Try it:
Line by line, give the data again exactly as it appears, but without pictures.

Data supplied:

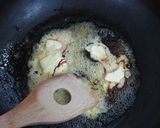 隠れてます焼きバナナ作り方3写真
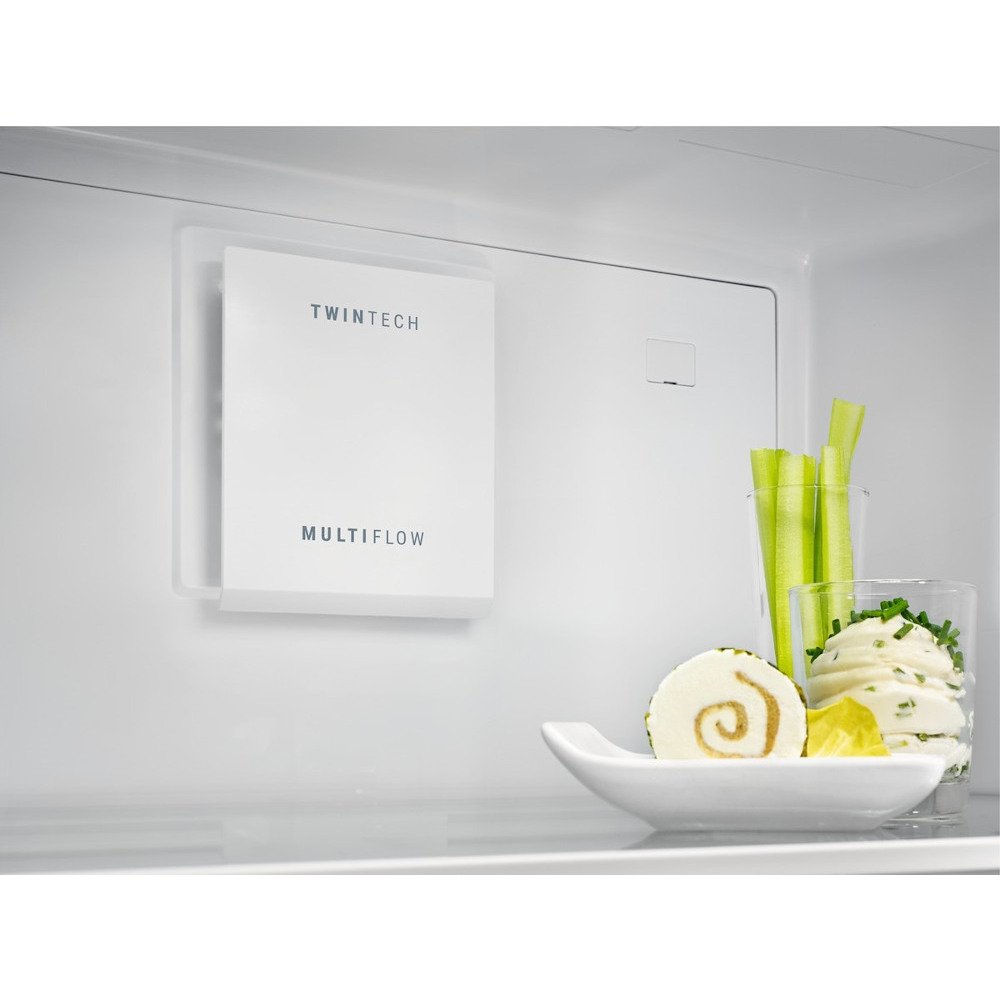 Buy Zanussi ZNME32FW0 Frost Free Fridge Freezer White Marks Electrical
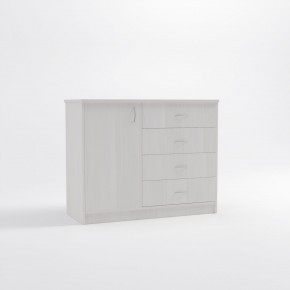 Комод Фиеста (Дуб бодега) Эко в Заречном - zarechnyy.mebel24.online | фото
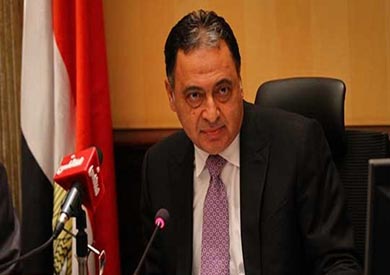 الدكتور أحمد عماد الدين وزير الصحة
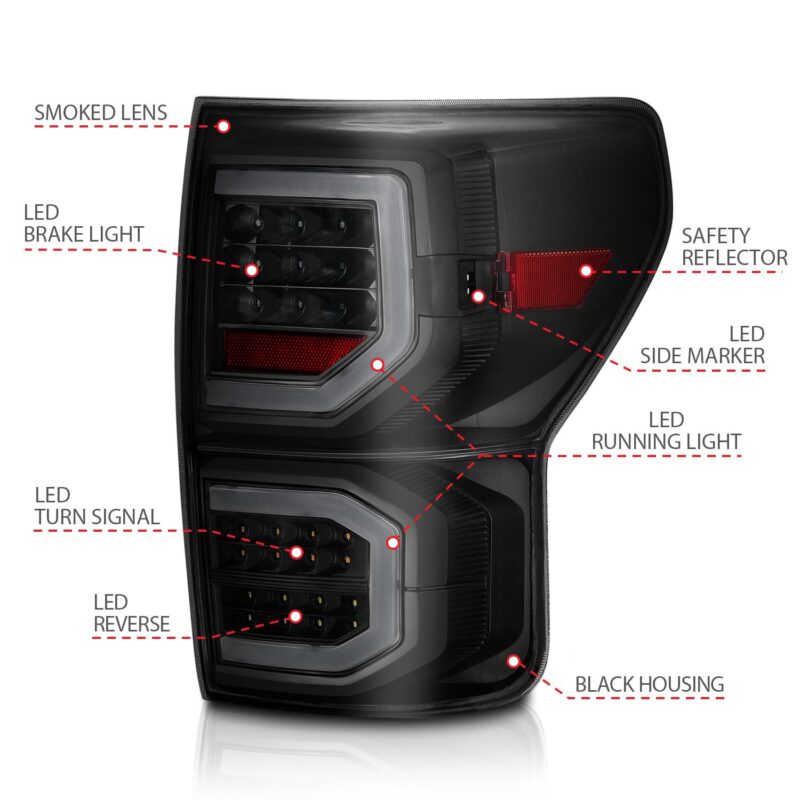 ANZO USA - Tail Light Assembly - 311337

Solution to the exercise:
 隠れてます焼きバナナ作り方3写真
 Buy Zanussi ZNME32FW0 Frost Free Fridge Freezer White Marks Electrical
 Комод Фиеста (Дуб бодега) Эко в Заречном - zarechnyy.mebel24.online | фото
 الدكتور أحمد عماد الدين وزير الصحة
 ANZO USA - Tail Light Assembly - 311337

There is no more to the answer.